Top of Records supplied
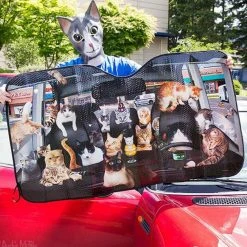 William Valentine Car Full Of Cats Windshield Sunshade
Bottom of Records supplied
Top of Records supplied
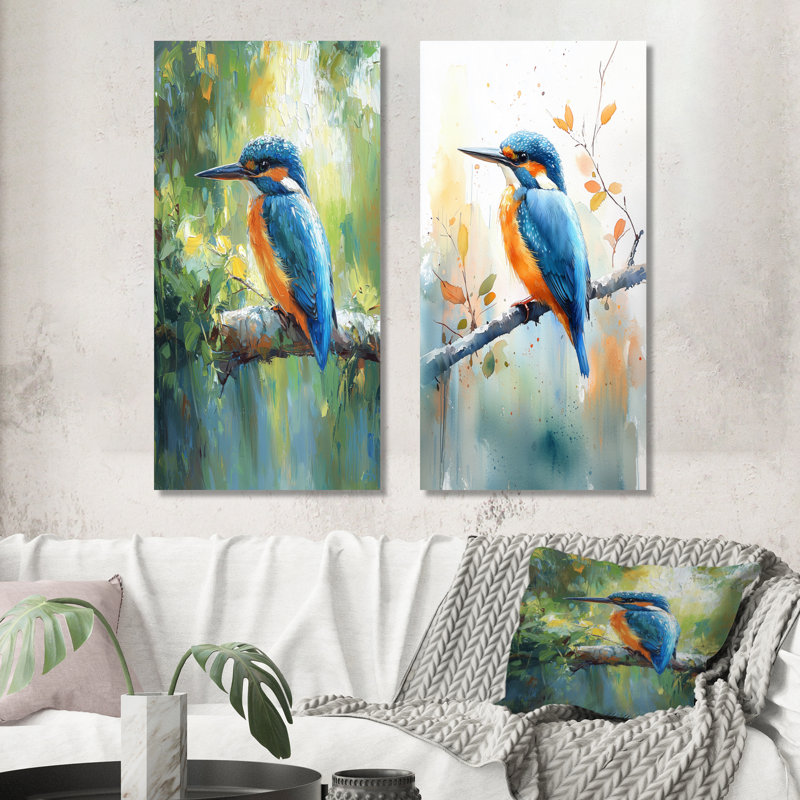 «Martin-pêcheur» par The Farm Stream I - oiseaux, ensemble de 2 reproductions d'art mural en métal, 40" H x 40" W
Bottom of Records supplied
Top of Records supplied
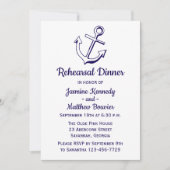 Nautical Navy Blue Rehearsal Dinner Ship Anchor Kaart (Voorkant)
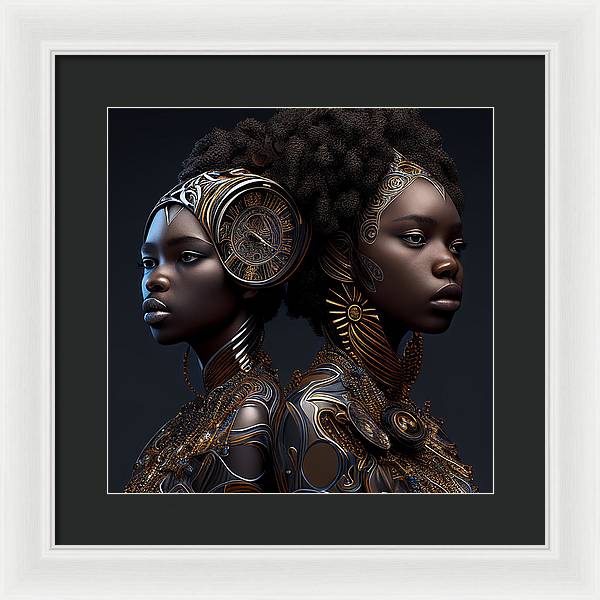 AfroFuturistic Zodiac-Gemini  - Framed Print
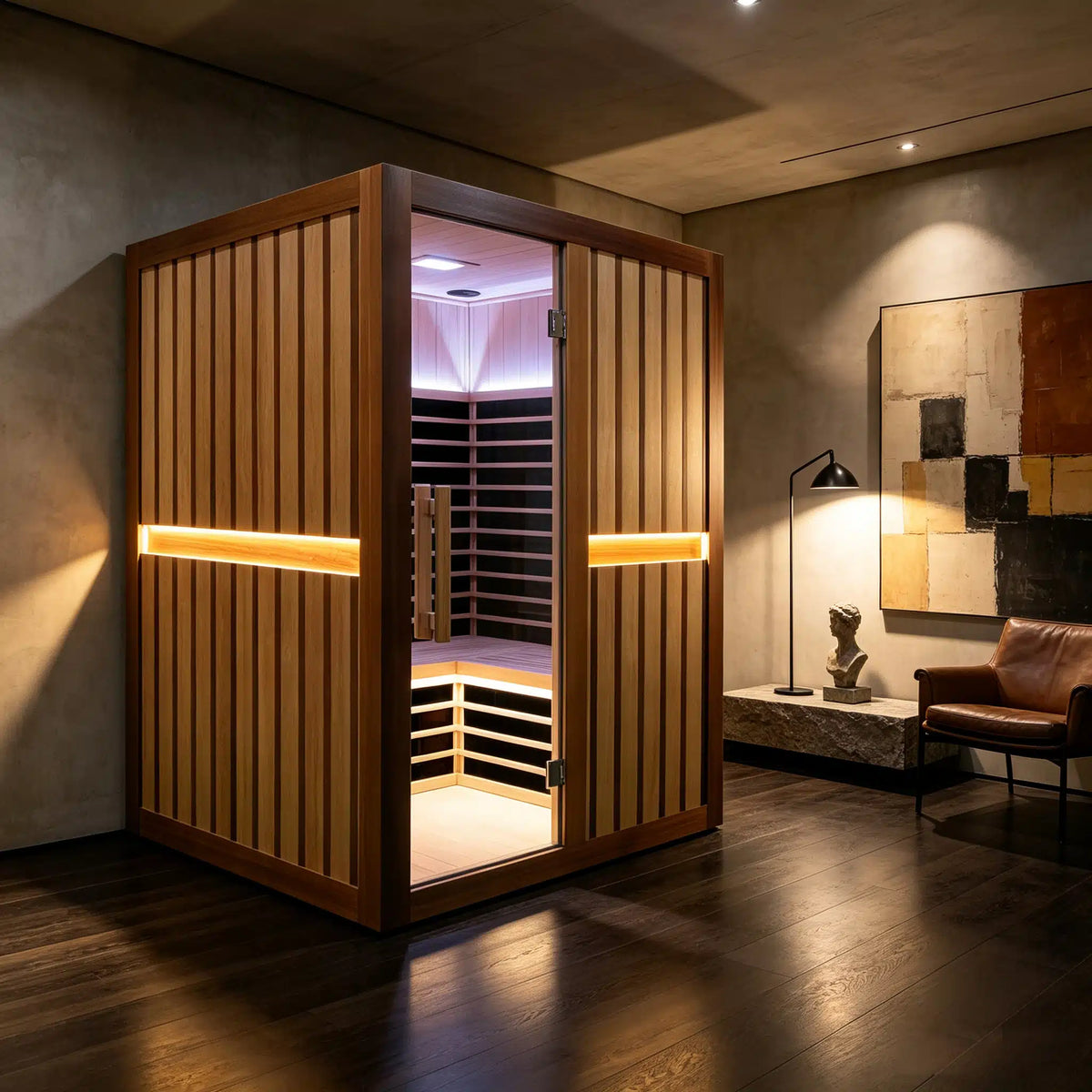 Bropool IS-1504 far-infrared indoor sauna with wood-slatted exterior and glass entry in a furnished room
Bottom of Records supplied
What's needed is an exact copy of the lines above from the one with "- Framed Print" through the one with "Bropool IS-1504 far-infrared", both included; the pictures stay out.

## Response below:
 AfroFuturistic Zodiac-Gemini  - Framed Print
 Bropool IS-1504 far-infrared indoor sauna with wood-slatted exterior and glass entry in a furnished room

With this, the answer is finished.